Zerto 9.5 offers long-term retention (LTR) with immutability, a recent addition to the vendor's array of disaster recovery and backup tools. In IT terms, immutability can be described as a form of write one, read many (WORM) storage.
A basic example of immutability that most administrators understand is snapshots. Once a snapshot is taken, it becomes read only under normal operations. No further writes can occur. All changes are committed to a newly created separate disk file, which enables the original disk to stay in pristine condition if the administrator needs to revert the VM to its original state. It's a cornerstone of VM management.
Immutability and VM challenges
With regards to immutability and VM backups, it becomes a bit more complex. As more companies move to cloud-based backups, their reliance on immutability grows.
Backups and restores can be slow and cumbersome. Customers that have Zerto use the product as a middling stop gap with swift restoration capabilities. This makes the integrity and restorability of long-term retention data key.
The VMware environment has some ransomware technologies that can encrypt hypervisor disk files. Carbon Spider and Sprite Spider are two ransomware developments that can use a now-patched vCenter flaw to gain access to hypervisor disks.
In a worst-case scenario, a ransomware tool could take out the working environment and encrypt the non-air gapped LTR files.
The issue is that while the product itself may mark something as immutable, that doesn't mean a compromised OS/hypervisor on which the OS is hosted could not delete, corrupt or encrypt those files. This would essentially pull the immutability capability from the product.
This is part of the reason immutability is offered first in AWS and S3-compatible storage systems. While the highly controlled nature of AWS storage and the files that make up the VM may be immutable under normal circumstances, malware could encrypt the underlying disk. That's before even considering data loss due to hardware failure.

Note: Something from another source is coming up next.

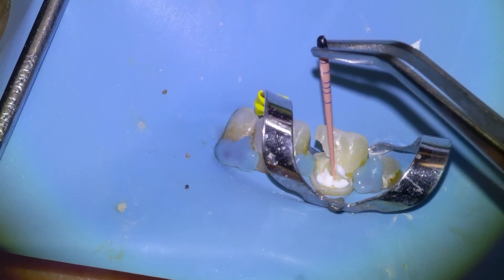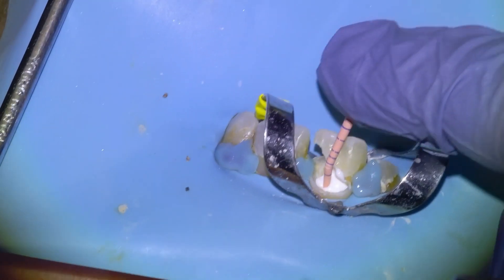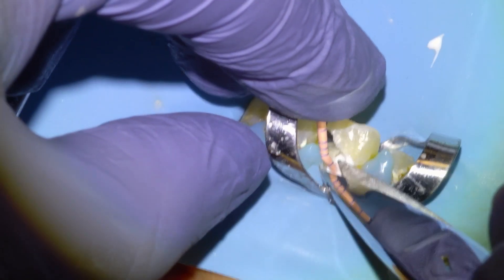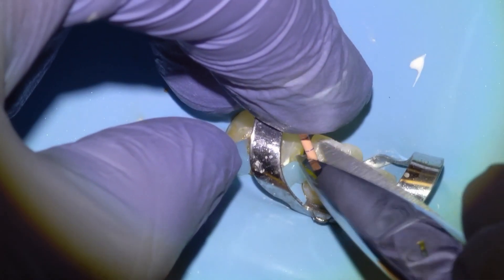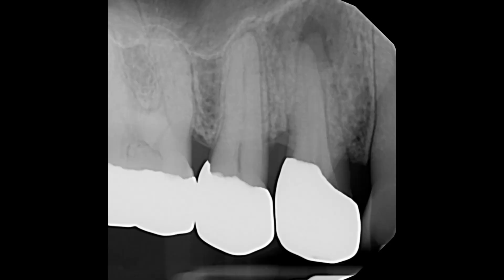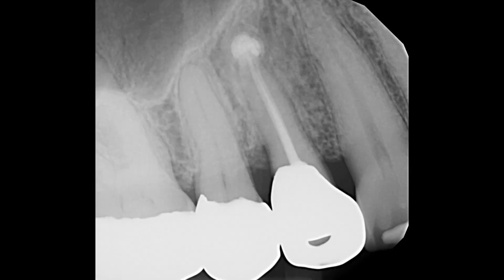The gutta-percha point will squish a little bit of sealer at the end of the tooth. We usually like to see a little sealer material go out the end, and we'll verify on an x-ray that the entire system has been filled. What does a successful root canal look like? Here's another one — you can see the dark area at the root tips of this upper right first premolar, how it looked after the root canal with sealer going out the ends of the roots, and then one year later you can see the bone has filled back in with healthy bone tissue.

Preserve backup integrity with object locks
The integrity of LTR backups is crucial -- once completed, any change means a point-in-time snapshot isn't a true point-in-time copy.
In Zerto 9.5, the platform provides the option to prevent changes to LTR backups for defined periods. Administrator can specify windows of immutability during which even standard administrator accounts can't manipulate data. This functionality is achieved with S3 object locks.
Object locks offer a form of special retention that prevents changes to the data in question. If a VM disk is object locked, it is considered immutable by almost all accounts.
If several dozen VMs become encrypted, it's possible to quickly and efficiently restore them from the LTR backup copy to just prior to the incident happening. Those LTR backups are essentially cast in stone and can be restored from AWS.